Does Christianity discriminate against women? I think anyone who makes this charge should first take a look at how Jesus treated women and then juxtapose it with any other practice he observes amongst professing Christians and then come to a conclusion as to whether what he has observed is consistent with Jesus’ or is a departure from Jesus’.

Jesus defied the tradition of his time and treated women in a much more equal and dignifying way than was normal in the society of that time. Women were normally left to attend to domestic affairs at home but Jesus allowed women to travel with him and his twelve disciples (Luke 8:1-3). Ordinary Jews, not to talk of Rabbis, did not speak to Samaritans, and surely not to Samaritan women.

Yet Jesus had a long and personal conversation with a Samaritan woman at Jacob’s well which even led to her conversion (John 4:4-30, 39-42).
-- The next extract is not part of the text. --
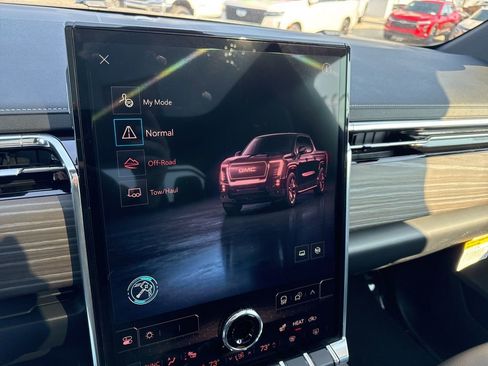 Used 2025 GMC Sierra EV Denali AWD/4WD image 25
Further, women were generally not educated nor were they allowed any active role in the affairs of religion yet Jesus allowed Martha’s sister, Mary, to sit at his feet in the role of a disciple while Jesus taught her. Jesus even encouraged Martha do likewise (Luke 10:38-42).

The heart of the Christian Gospel

The problems enumerated in Mr. Okyere’s article go to show that it is the heart of man that is depraved. Interestingly, this is precisely the message of Christianity – there is something desperately wrong (the Bible calls it sin) in the heart of man and Jesus holds the remedy. He is able to transform the human heart.

In a day when the prevailing mindset says that man is good at heart but society is to blame for his flaws, the words of Jesus Christ come echoing through the centuries in sharp contrast: “… from your heart”, says Jesus, “come the evil ideas which lead you to kill, commit adultery, and do other immoral things; to rob, lie, and slander others…” Matthew 15:19. But Jesus comes to us not just with wise teachings and profound observations about human nature; he also gives us new hearts (like in the case of William Wilberforce) – hearts that beat after God’s own heart – a new view of God, a new appreciation of the world and ourselves and also through his Holy Spirit he gives us the enabling power to live as we ought to.

This is where Jesus Christ stands unrivaled among the founders of all the world religions. Rather than only pointing you to some enlightening great teachings and deep truths, he, by his power, transforms hearts that are dead to God into hearts that are alive to God. This is what Christians call the new birth – our natural desires and inclinations are remolded and redirected: our desire for power turns into a love for humility and service. We begin to exalt commitment over feelings, forgiveness over anger, patience over shortcuts, honesty over deception and sacrifice over comfort.

This is the kind of real transformation Mr. Parris observed in the African Christians which led him to conclude his article saying: “Those who want Africa to walk tall amid 21st-century global competition must not kid themselves that providing the material means or even the knowhow that accompanies what we call development will make the change. A whole belief system must first be supplanted.”